Central compute architecture is not expected to be broadly adopted until 2030, but adoption is already underway. This approach introduces a high-performance compute cluster, which orchestrates almost all vehicle functions, routing data from various sensors and components through aggregators to a central processing unit. Semiconductor innovations, such as automotive chiplets, will be critical in advancing these architectures, providing the high-performance capabilities required to support the on-demand software updates that consumers now expect.

There’s lots of talk about updating SDV architectures to drive more efficiency. What demands are zonal architectures placing on microcontroller units (MCUs) to deliver from a computing standpoint?

SDVs are only as smart as the architecture behind them. Simply put, they cannot reach their full potential without Zonal Controller Units. These controllers consolidate vehicle functions by physical cluster, rather than by feature. This shift is putting a big spotlight on MCUs and pushing the boundaries of what MCUs need to deliver — process faster, connect more devices, and support emerging features like AI at the edge.

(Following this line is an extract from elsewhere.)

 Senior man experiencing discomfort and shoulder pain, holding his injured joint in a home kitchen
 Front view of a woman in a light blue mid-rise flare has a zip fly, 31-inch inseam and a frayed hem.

• More Compute: MCUs are being pushed to handle far more real-time computing. As chipmakers seek out arrays of different of logic cores, which run at higher operating frequencies. They are moving to more advanced nodes and bringing different digital cores’ virtualization concepts allowing MCUs to manage multiple tasks flexibly and efficiently.
• Input/Output Overload: Modern vehicles have over 90 smart sensors, 800 sensors and loads, requiring zonal MCUs to have denser digital and analog I/O offerings to handle this level of data processing.
• Memory That Can Keep Up: Embedded non-volatile memory (eNVM) has to get both bigger and faster. Bigger up to 32MB and more, and faster to support the fast-switching digital cores without adding any latencies or risking bottlenecks.
• Faster Communication: The volume of data in cars continues to surge, and MCUs need to move that data — fast. Technologies like high-speed Ethernet and Serializer-Deserializer (SerDes) interfaces are becoming standard to guarantee reliable communication between zones and between zones and complex vehicle sensors.

GF’s advanced chip technologies like 12LP+ MRAM and 22FDX MRAM are helping chipmakers support the complex processing of today’s cars with fast, power-efficient vehicle controllers.

As zonal compute rises, the analog tasks shift to the vehicle’s edges. Now, auto chipmakers are bundling these functions – motor controllers, audio amps, even communication interfaces into single MCUs on GF’s 130BCD or 55BCD technology platforms.

Speaking of the edge, AI acceleration in vehicles is skyrocketing. How is AI at the edge reshaping the requirements of automotive MCUs in SDVs?

AI at the edge is powering many newer features – battery lifetime extension, in-cabin sensing, voice recognition, intelligent motor control. This approach reduces complexity, costs and power consumption, but it also enhances user privacy by processing information locally, rather than on the cloud. In instances like these where AI acceleration is not happening in central computers or ZCUs, end nodes require embedded AI acceleration to execute these functionalities.

With this evolution, some MCUs are adapting by offering specialized IPs primed for AI acceleration: graphics processing units (GPUs) to run complex mathematical models, language processing units (LPUs) for language and communication models, and digital signal processing (DSPs) to transform real-time signals. For more intensive workloads, MCUs are also integrating faster, more reliable interfaces to connect with external memory, ensuring they can process high volume data required for advanced AI applications.